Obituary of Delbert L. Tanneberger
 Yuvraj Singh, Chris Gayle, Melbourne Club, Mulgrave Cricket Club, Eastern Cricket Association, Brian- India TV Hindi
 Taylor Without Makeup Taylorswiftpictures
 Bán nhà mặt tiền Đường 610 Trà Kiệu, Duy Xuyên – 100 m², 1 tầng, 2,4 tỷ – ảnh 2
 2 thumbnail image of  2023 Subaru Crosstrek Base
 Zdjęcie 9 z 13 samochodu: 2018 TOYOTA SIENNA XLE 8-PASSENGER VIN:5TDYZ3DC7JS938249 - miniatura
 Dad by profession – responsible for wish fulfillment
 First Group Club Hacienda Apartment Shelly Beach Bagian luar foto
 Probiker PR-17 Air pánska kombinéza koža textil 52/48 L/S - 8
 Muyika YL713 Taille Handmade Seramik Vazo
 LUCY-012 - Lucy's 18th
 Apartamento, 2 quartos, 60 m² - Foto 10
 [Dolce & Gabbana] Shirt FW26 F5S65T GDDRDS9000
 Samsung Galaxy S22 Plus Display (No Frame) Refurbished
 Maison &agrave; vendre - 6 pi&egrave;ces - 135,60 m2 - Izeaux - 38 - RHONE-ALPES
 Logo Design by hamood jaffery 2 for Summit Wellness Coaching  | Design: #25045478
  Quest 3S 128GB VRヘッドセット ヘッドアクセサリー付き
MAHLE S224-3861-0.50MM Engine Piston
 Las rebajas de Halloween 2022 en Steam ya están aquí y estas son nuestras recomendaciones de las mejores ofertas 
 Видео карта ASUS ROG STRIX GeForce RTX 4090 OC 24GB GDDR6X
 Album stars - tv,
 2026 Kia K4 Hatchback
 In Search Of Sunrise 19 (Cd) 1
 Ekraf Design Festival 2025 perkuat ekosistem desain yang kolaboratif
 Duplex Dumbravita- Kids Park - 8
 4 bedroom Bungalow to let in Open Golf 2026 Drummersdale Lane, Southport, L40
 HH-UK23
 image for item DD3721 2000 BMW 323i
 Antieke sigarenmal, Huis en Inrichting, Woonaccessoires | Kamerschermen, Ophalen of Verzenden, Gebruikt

Task requirements: Each line from the line holding "image for item DD3721 2000 BMW 323i" through the end of the material above is to be printed exactly, both ends included, and no other line is to appear.

Task output:
 image for item DD3721 2000 BMW 323i
 Antieke sigarenmal, Huis en Inrichting, Woonaccessoires | Kamerschermen, Ophalen of Verzenden, Gebruikt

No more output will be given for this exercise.